**Task to carry out**:
Quote every line below exactly and skip any picture.

**Given information**:
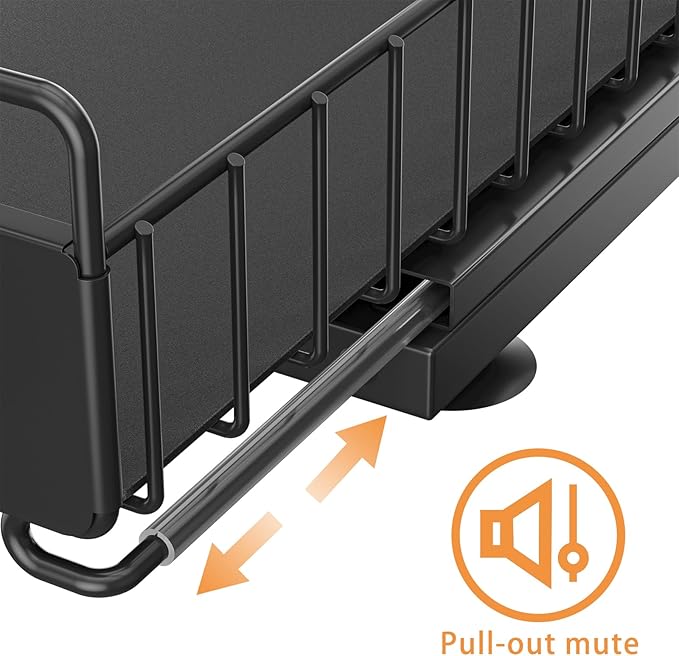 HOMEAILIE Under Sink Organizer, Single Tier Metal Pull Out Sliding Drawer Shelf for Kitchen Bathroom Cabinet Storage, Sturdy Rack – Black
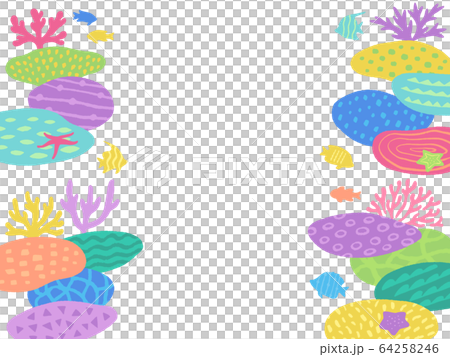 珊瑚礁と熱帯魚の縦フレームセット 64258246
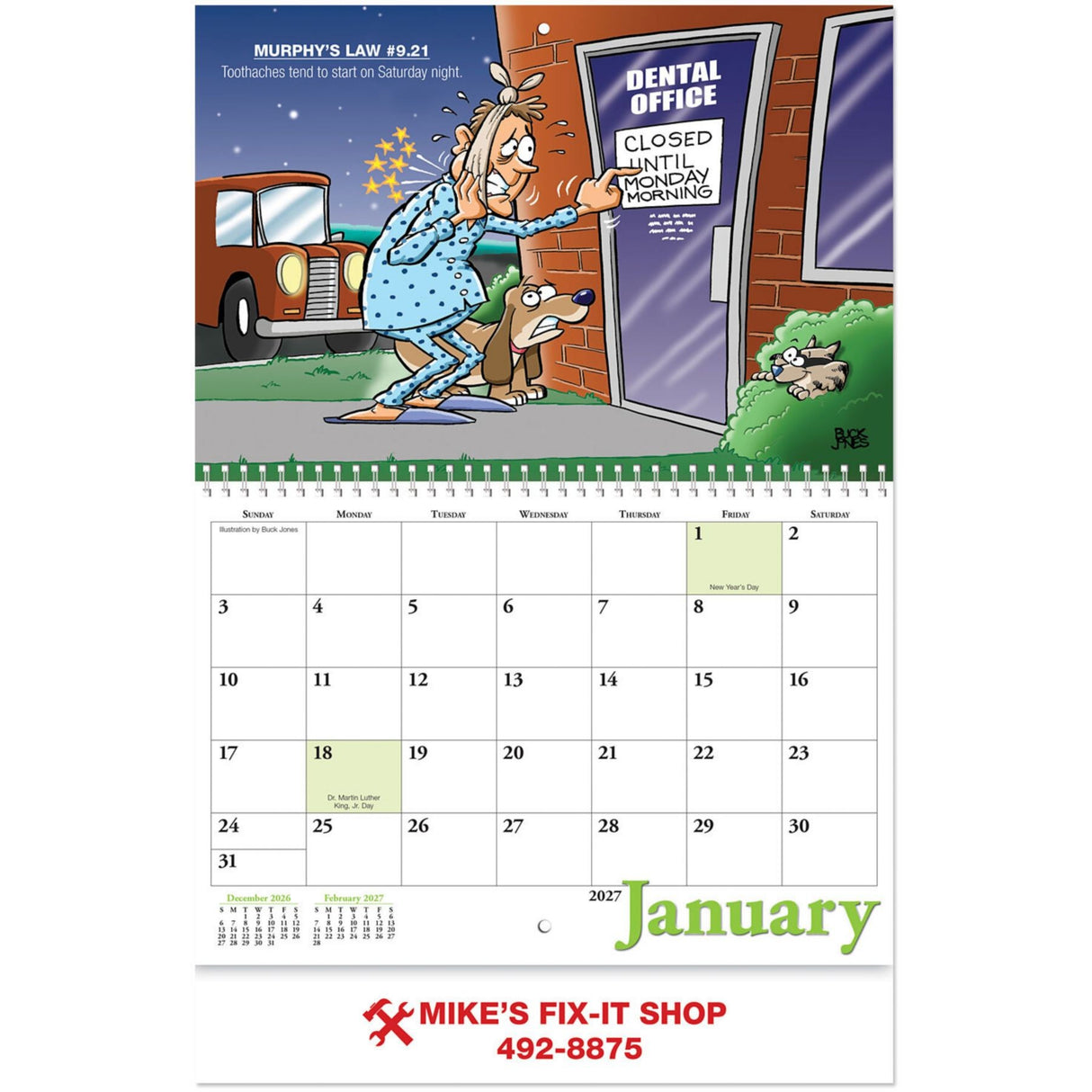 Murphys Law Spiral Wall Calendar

**Response area**:
 HOMEAILIE Under Sink Organizer, Single Tier Metal Pull Out Sliding Drawer Shelf for Kitchen Bathroom Cabinet Storage, Sturdy Rack – Black
 珊瑚礁と熱帯魚の縦フレームセット 64258246
 Murphys Law Spiral Wall Calendar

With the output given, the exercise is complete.